(Ghost of Raynham Hall)
(photograph of a wreck- unknown date and location)
(Above, “child’s play” January 2006)
Every debunked ghost story, is a negative. So, is any non-debunked story ‘inconclusive’, and evidence/proof of such things?
Does the answer lie in probability or proof in evidence towards the negative of ghosts existing? Without being a science or math major, you ask how it could be proved more than a 50/50 chance of probability. If you throw in the idea that perhaps it is only possible to view ghosts in first-person, supposedly unable to tape them and so forth, then there truly is no more evidence against ghosts than there would be evidence against the idea that there is a magical, wish-giving dragon that floats on the clouds in the sky. You could also argue that the odds couldn’t be MORE than 50/50 as well, if you believe no evidence exists. It could be said the scales can tip towards a higher probability factor (even if slightly) due to the amount of reported sightings or the new shows that have become favorites on the Science-Fiction channels.
Some may argue that probability is the wrong tool in paranormal study. The right philosophic tool would seem more to be the burden of evidence. Anybody who claims knowledge of ghosts takes on the burden of proof to show the rest of us that they’re right. Until such evidence is offered, the rest of the world could be perfectly justified in saying with 100% confidence that ghosts do not exist and are merely figments of over-active imaginations. Until then, there would be no philosophical reason for anyone to offer evidence against such a thing, just as there is no reason for anyone to offer evidence of the non-existence of the Tooth Fairy.
That being said, what is really felt about those who actually go out into the field to study “paranormal activity”? How are they scientifically proving or disproving the theory of ghosts?
Is the scientific equipment used really capapble of “debunking”?
In one of the fastest growing, popular T.V. programs, Ghost Hunters, the team of paranormal investigators use various equipment, including digital thermometers, EMF meters, thermographic and night vision cameras, handheld static digital video cameras, digital audio recorders and laptop computers.
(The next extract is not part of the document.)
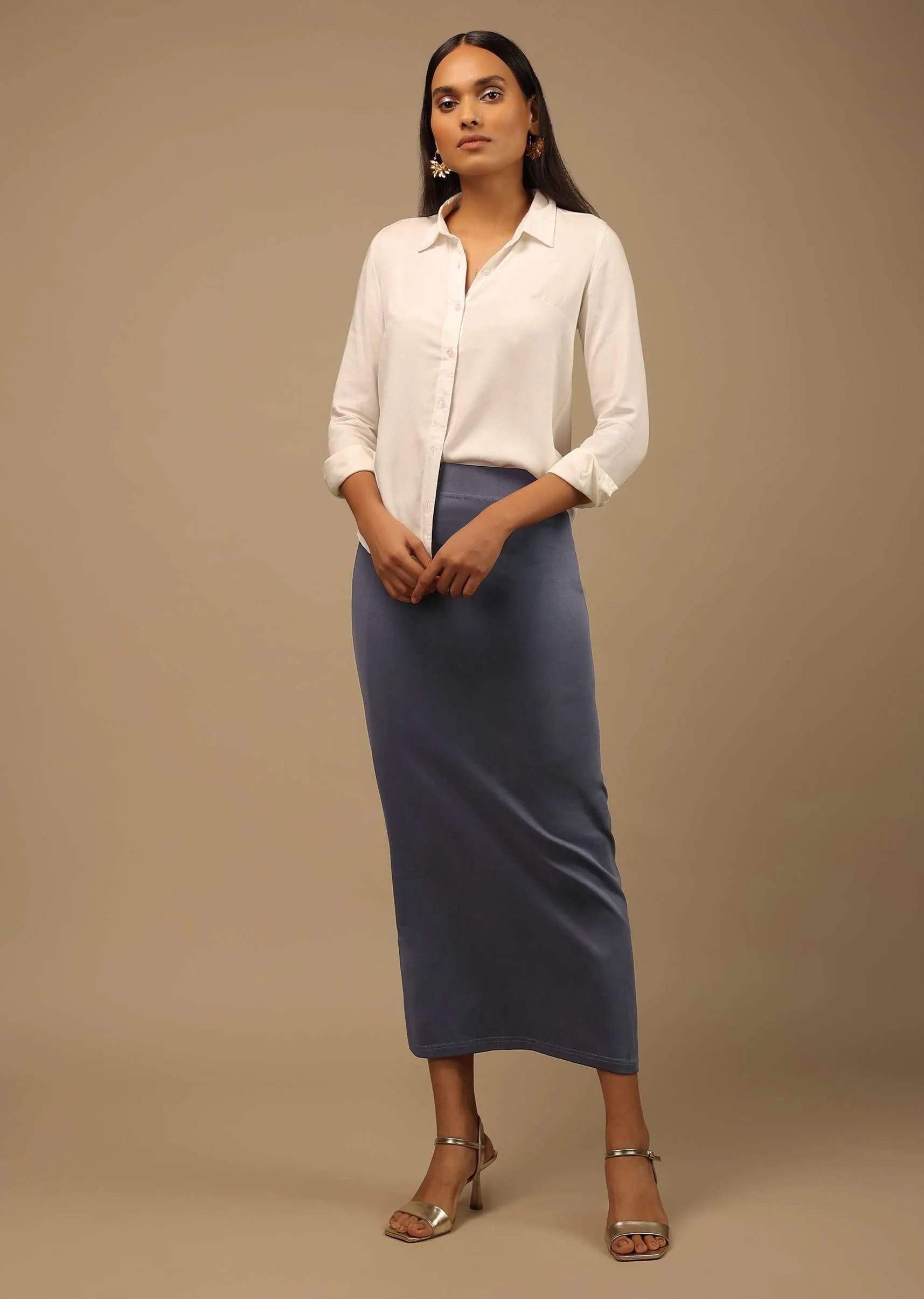 Ash Grey Shapewear Saree Petticoat In Cotton Lycra With Elastic Waistband And Slit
The team has also experimented, in at least one of their episodes, with a geiger counter. During their investigation it was used to see if any anomalous readings would register. Also, the K-2 (or K-II) meter, a type of EMF meter that uses a series of LEDs to measure the strength of an energy field instead of a numerical LCD screen, has been used in nearly all investigations.
The TAPS team ( Ghost Hunters/ The Atlantic Paranormal Society) investigated Charles Manson murders and during this investigation in particular, the team used a K-2 meter in an attempt to get “yes” and “no” responses to verbal questions posed to a “supposed entity” in a room.
Newer equipment that has been used are the custom-made geophone, which detects vibrations and flashes a series of LEDs that measure the intensity of the vibration, and an EMF detector. The EMF detector makes a buzzing sound when it senses an electromagnetic field, buzzing louder according to the strength of that field. In one of the episodes, the geophones were recorded on video flashing simultaneously with vibrations to the sounds of footsteps across a floor. No one was supposedly in the room.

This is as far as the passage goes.